Exercise aim
This exercise calls for a copy of every line in the listing below that carries the word "Halloween".

Raw data
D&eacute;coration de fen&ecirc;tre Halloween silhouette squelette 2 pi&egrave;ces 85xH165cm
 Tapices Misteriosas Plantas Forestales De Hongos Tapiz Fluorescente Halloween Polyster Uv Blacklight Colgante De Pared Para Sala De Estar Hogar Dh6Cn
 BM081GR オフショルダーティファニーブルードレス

Solution for this problem
D&eacute;coration de fen&ecirc;tre Halloween silhouette squelette 2 pi&egrave;ces 85xH165cm
 Tapices Misteriosas Plantas Forestales De Hongos Tapiz Fluorescente Halloween Polyster Uv Blacklight Colgante De Pared Para Sala De Estar Hogar Dh6Cn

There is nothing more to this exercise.